Para quienes viven en el centro, esto significa volver a sentir la calle como escenario de nuestra cultura y nuestras raíces. La procesión no solo es un acto religioso, sino también una oportunidad de reencontrarse con vecinos, amigos y familiares, compartiendo un momento de solemnidad y tradición.
Pero, más allá del color y la emoción, no podemos olvidar que estas celebraciones también reflejan una realidad: la importancia de apoyar y mantener vivas nuestras tradiciones en tiempos en los que parecen perderse. La ausencia del año pasado y los obstáculos anteriores nos muestran que hay que cuidar y valorar estos eventos que nos unen y enriquecen como comunidad.

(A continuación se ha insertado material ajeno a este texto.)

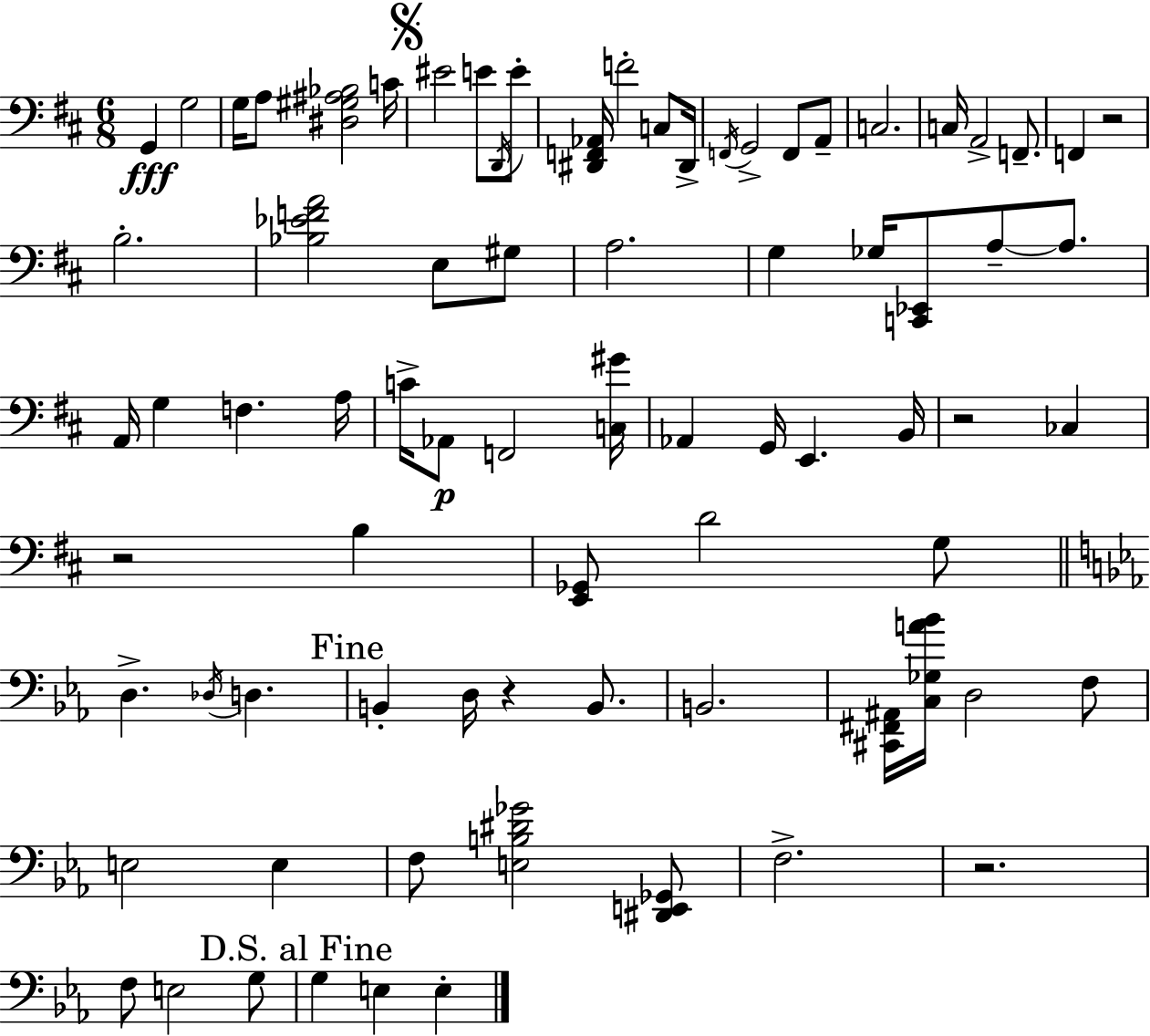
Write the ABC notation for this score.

X:1
T:Untitled
M:6/8
L:1/4
K:D
G,, G,2 G,/4 A,/2 [^D,^G,^A,_B,]2 C/4 ^E2 E/2 D,,/4 E/2 [^D,,F,,_A,,]/4 F2 C,/2 ^D,,/4 F,,/4 G,,2 F,,/2 A,,/2 C,2 C,/4 A,,2 F,,/2 F,, z2 B,2 [_B,_EFA]2 E,/2 ^G,/2 A,2 G, _G,/4 [C,,_E,,]/2 A,/2 A,/2 A,,/4 G, F, A,/4 C/4 _A,,/2 F,,2 [C,^G]/4 _A,, G,,/4 E,, B,,/4 z2 _C, z2 B, [E,,_G,,]/2 D2 G,/2 D, _D,/4 D, B,, D,/4 z B,,/2 B,,2 [^C,,^F,,^A,,]/4 [C,_G,A_B]/4 D,2 F,/2 E,2 E, F,/2 [E,B,^D_G]2 [^D,,E,,_G,,]/2 F,2 z2 F,/2 E,2 G,/2 G, E, E, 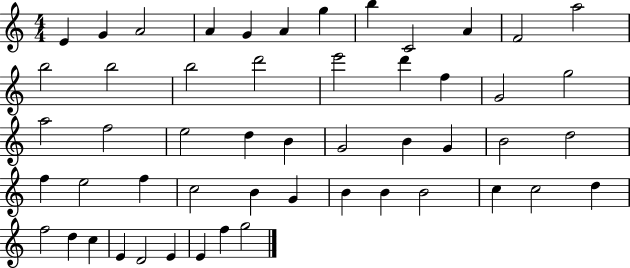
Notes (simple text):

E4/q G4/q A4/h A4/q G4/q A4/q G5/q B5/q C4/h A4/q F4/h A5/h B5/h B5/h B5/h D6/h E6/h D6/q F5/q G4/h G5/h A5/h F5/h E5/h D5/q B4/q G4/h B4/q G4/q B4/h D5/h F5/q E5/h F5/q C5/h B4/q G4/q B4/q B4/q B4/h C5/q C5/h D5/q F5/h D5/q C5/q E4/q D4/h E4/q E4/q F5/q G5/h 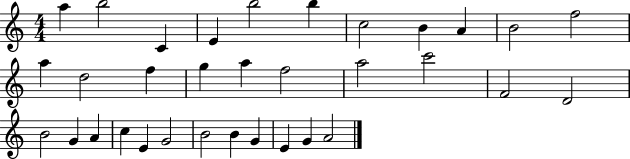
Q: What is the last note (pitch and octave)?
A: A4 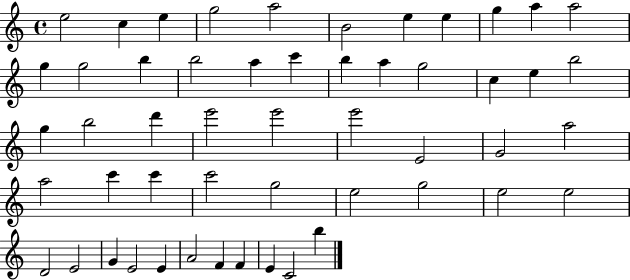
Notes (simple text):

E5/h C5/q E5/q G5/h A5/h B4/h E5/q E5/q G5/q A5/q A5/h G5/q G5/h B5/q B5/h A5/q C6/q B5/q A5/q G5/h C5/q E5/q B5/h G5/q B5/h D6/q E6/h E6/h E6/h E4/h G4/h A5/h A5/h C6/q C6/q C6/h G5/h E5/h G5/h E5/h E5/h D4/h E4/h G4/q E4/h E4/q A4/h F4/q F4/q E4/q C4/h B5/q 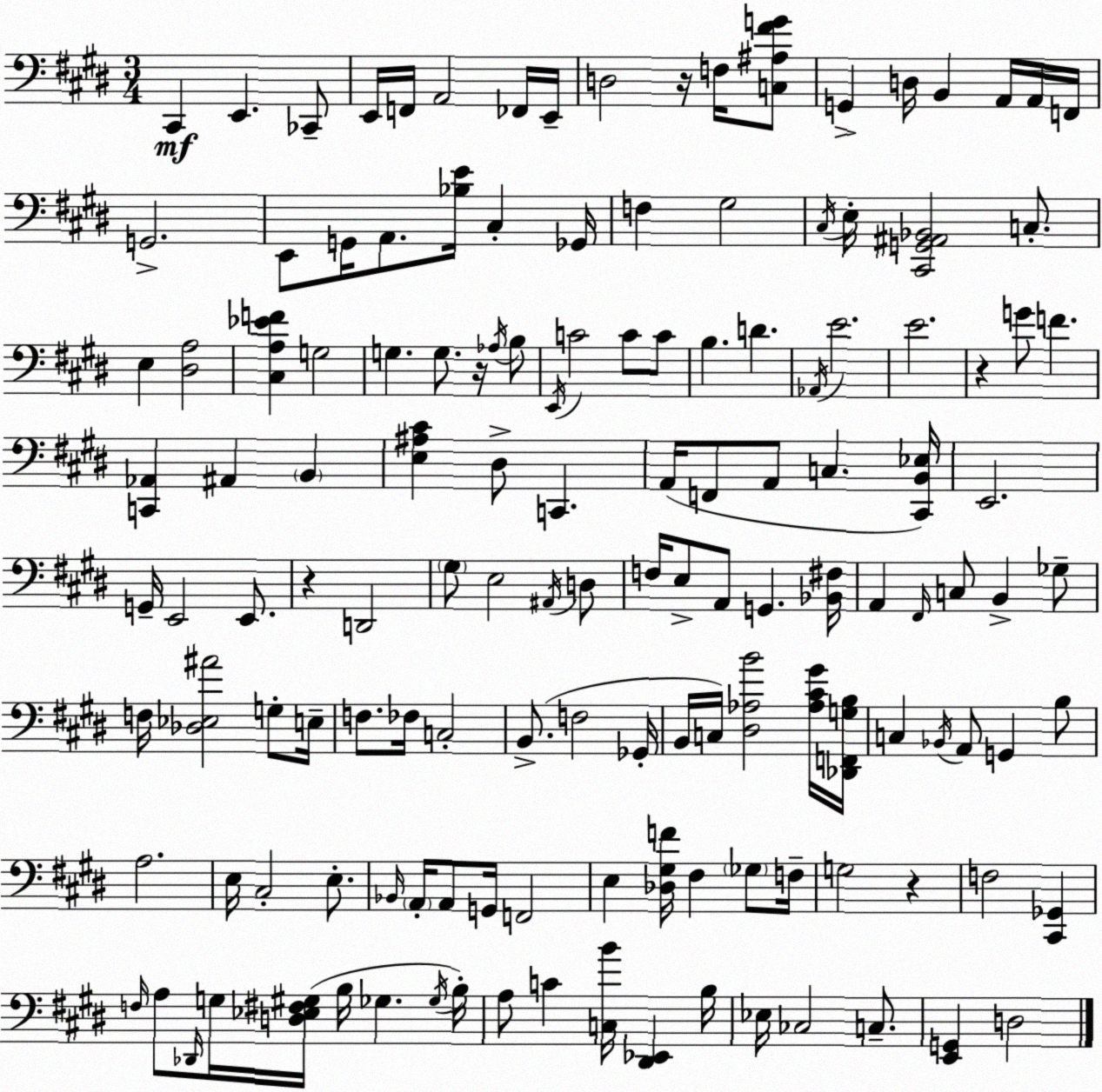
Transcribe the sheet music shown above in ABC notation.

X:1
T:Untitled
M:3/4
L:1/4
K:E
^C,, E,, _C,,/2 E,,/4 F,,/4 A,,2 _F,,/4 E,,/4 D,2 z/4 F,/4 [C,^A,^FG]/2 G,, D,/4 B,, A,,/4 A,,/4 F,,/4 G,,2 E,,/2 G,,/4 A,,/2 [_B,E]/4 ^C, _G,,/4 F, ^G,2 ^C,/4 E,/4 [^C,,G,,^A,,_B,,]2 C,/2 E, [^D,A,]2 [^C,A,_EF] G,2 G, G,/2 z/4 _A,/4 B,/2 E,,/4 C2 C/2 C/2 B, D _A,,/4 E2 E2 z G/2 F [C,,_A,,] ^A,, B,, [E,^A,^C] ^D,/2 C,, A,,/4 F,,/2 A,,/2 C, [^C,,B,,_E,]/4 E,,2 G,,/4 E,,2 E,,/2 z D,,2 ^G,/2 E,2 ^A,,/4 D,/2 F,/4 E,/2 A,,/2 G,, [_B,,^F,]/4 A,, ^F,,/4 C,/2 B,, _G,/2 F,/4 [_D,_E,^A]2 G,/2 E,/4 F,/2 _F,/4 C,2 B,,/2 F,2 _G,,/4 B,,/4 C,/4 [^D,_A,B]2 [_A,^C^G]/4 [_D,,F,,G,B,]/4 C, _B,,/4 A,,/2 G,, B,/2 A,2 E,/4 ^C,2 E,/2 _B,,/4 A,,/4 A,,/2 G,,/4 F,,2 E, [_D,^G,F]/4 ^F, _G,/2 F,/4 G,2 z F,2 [^C,,_G,,] F,/4 A,/2 _D,,/4 G,/4 [D,_E,^F,^G,]/4 B,/4 _G, _G,/4 B,/4 A,/2 C [C,B]/4 [^D,,_E,,] B,/4 _E,/4 _C,2 C,/2 [E,,G,,] D,2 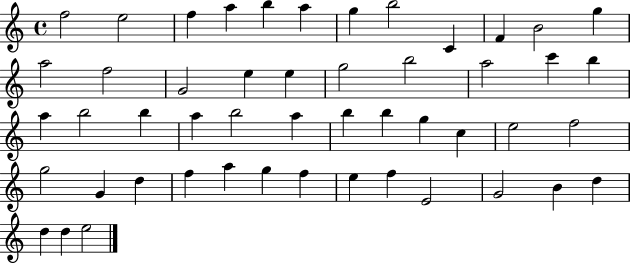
F5/h E5/h F5/q A5/q B5/q A5/q G5/q B5/h C4/q F4/q B4/h G5/q A5/h F5/h G4/h E5/q E5/q G5/h B5/h A5/h C6/q B5/q A5/q B5/h B5/q A5/q B5/h A5/q B5/q B5/q G5/q C5/q E5/h F5/h G5/h G4/q D5/q F5/q A5/q G5/q F5/q E5/q F5/q E4/h G4/h B4/q D5/q D5/q D5/q E5/h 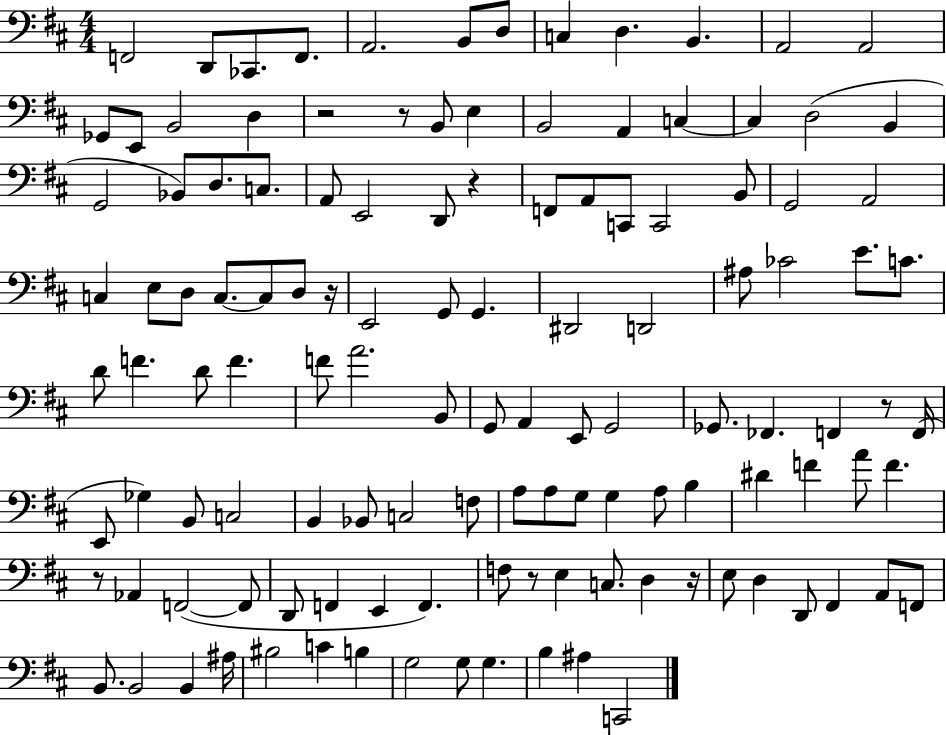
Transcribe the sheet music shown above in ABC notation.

X:1
T:Untitled
M:4/4
L:1/4
K:D
F,,2 D,,/2 _C,,/2 F,,/2 A,,2 B,,/2 D,/2 C, D, B,, A,,2 A,,2 _G,,/2 E,,/2 B,,2 D, z2 z/2 B,,/2 E, B,,2 A,, C, C, D,2 B,, G,,2 _B,,/2 D,/2 C,/2 A,,/2 E,,2 D,,/2 z F,,/2 A,,/2 C,,/2 C,,2 B,,/2 G,,2 A,,2 C, E,/2 D,/2 C,/2 C,/2 D,/2 z/4 E,,2 G,,/2 G,, ^D,,2 D,,2 ^A,/2 _C2 E/2 C/2 D/2 F D/2 F F/2 A2 B,,/2 G,,/2 A,, E,,/2 G,,2 _G,,/2 _F,, F,, z/2 F,,/4 E,,/2 _G, B,,/2 C,2 B,, _B,,/2 C,2 F,/2 A,/2 A,/2 G,/2 G, A,/2 B, ^D F A/2 F z/2 _A,, F,,2 F,,/2 D,,/2 F,, E,, F,, F,/2 z/2 E, C,/2 D, z/4 E,/2 D, D,,/2 ^F,, A,,/2 F,,/2 B,,/2 B,,2 B,, ^A,/4 ^B,2 C B, G,2 G,/2 G, B, ^A, C,,2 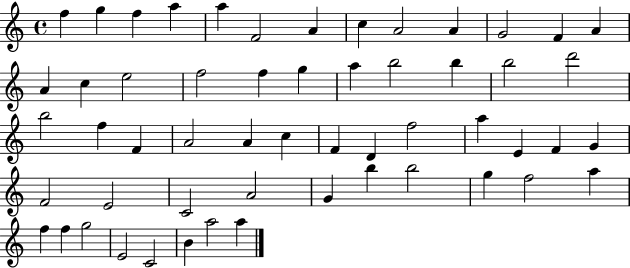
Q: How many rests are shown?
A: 0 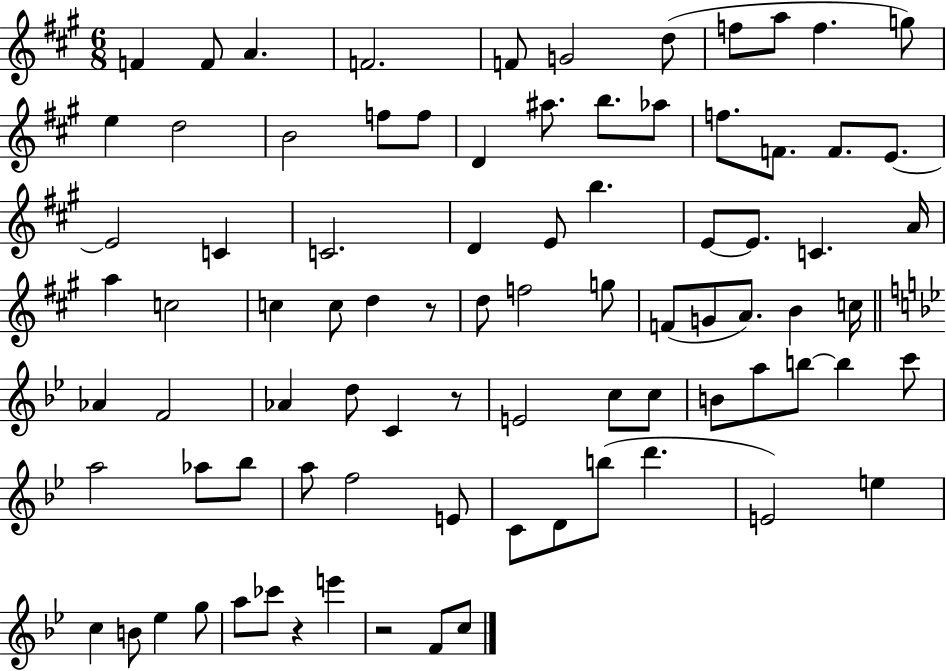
X:1
T:Untitled
M:6/8
L:1/4
K:A
F F/2 A F2 F/2 G2 d/2 f/2 a/2 f g/2 e d2 B2 f/2 f/2 D ^a/2 b/2 _a/2 f/2 F/2 F/2 E/2 E2 C C2 D E/2 b E/2 E/2 C A/4 a c2 c c/2 d z/2 d/2 f2 g/2 F/2 G/2 A/2 B c/4 _A F2 _A d/2 C z/2 E2 c/2 c/2 B/2 a/2 b/2 b c'/2 a2 _a/2 _b/2 a/2 f2 E/2 C/2 D/2 b/2 d' E2 e c B/2 _e g/2 a/2 _c'/2 z e' z2 F/2 c/2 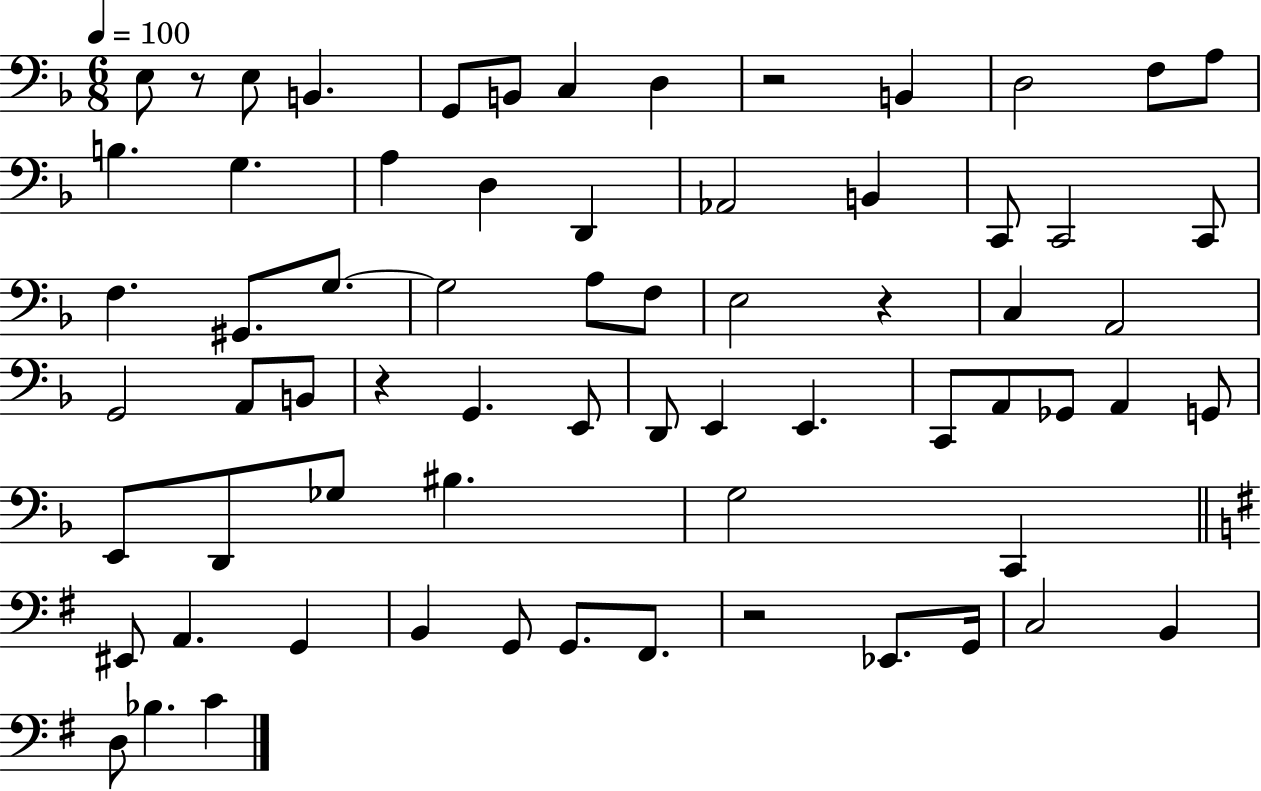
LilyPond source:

{
  \clef bass
  \numericTimeSignature
  \time 6/8
  \key f \major
  \tempo 4 = 100
  \repeat volta 2 { e8 r8 e8 b,4. | g,8 b,8 c4 d4 | r2 b,4 | d2 f8 a8 | \break b4. g4. | a4 d4 d,4 | aes,2 b,4 | c,8 c,2 c,8 | \break f4. gis,8. g8.~~ | g2 a8 f8 | e2 r4 | c4 a,2 | \break g,2 a,8 b,8 | r4 g,4. e,8 | d,8 e,4 e,4. | c,8 a,8 ges,8 a,4 g,8 | \break e,8 d,8 ges8 bis4. | g2 c,4 | \bar "||" \break \key g \major eis,8 a,4. g,4 | b,4 g,8 g,8. fis,8. | r2 ees,8. g,16 | c2 b,4 | \break d8 bes4. c'4 | } \bar "|."
} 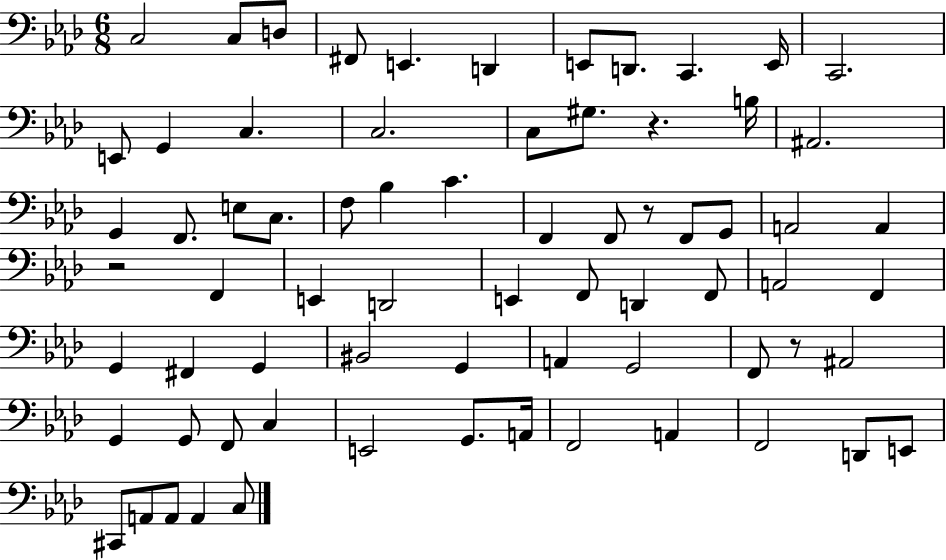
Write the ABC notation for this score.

X:1
T:Untitled
M:6/8
L:1/4
K:Ab
C,2 C,/2 D,/2 ^F,,/2 E,, D,, E,,/2 D,,/2 C,, E,,/4 C,,2 E,,/2 G,, C, C,2 C,/2 ^G,/2 z B,/4 ^A,,2 G,, F,,/2 E,/2 C,/2 F,/2 _B, C F,, F,,/2 z/2 F,,/2 G,,/2 A,,2 A,, z2 F,, E,, D,,2 E,, F,,/2 D,, F,,/2 A,,2 F,, G,, ^F,, G,, ^B,,2 G,, A,, G,,2 F,,/2 z/2 ^A,,2 G,, G,,/2 F,,/2 C, E,,2 G,,/2 A,,/4 F,,2 A,, F,,2 D,,/2 E,,/2 ^C,,/2 A,,/2 A,,/2 A,, C,/2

¿Y qué pueden hacer los ciudadanos ahora? Seguir apoyando estas manifestaciones culturales, participando en ellas y promoviendo su conservación. También es momento de reflexionar sobre cómo las instituciones pueden facilitar y potenciar estas expresiones que tanto nos representan y fortalecen como pueblo.
La historia continúa y el reto está en mantener vivo ese espíritu. La próxima semana, las cofradías y las instituciones deben trabajar juntas para que estas tradiciones sigan siendo un reflejo auténtico de nuestra identidad y un motivo de orgullo para todos.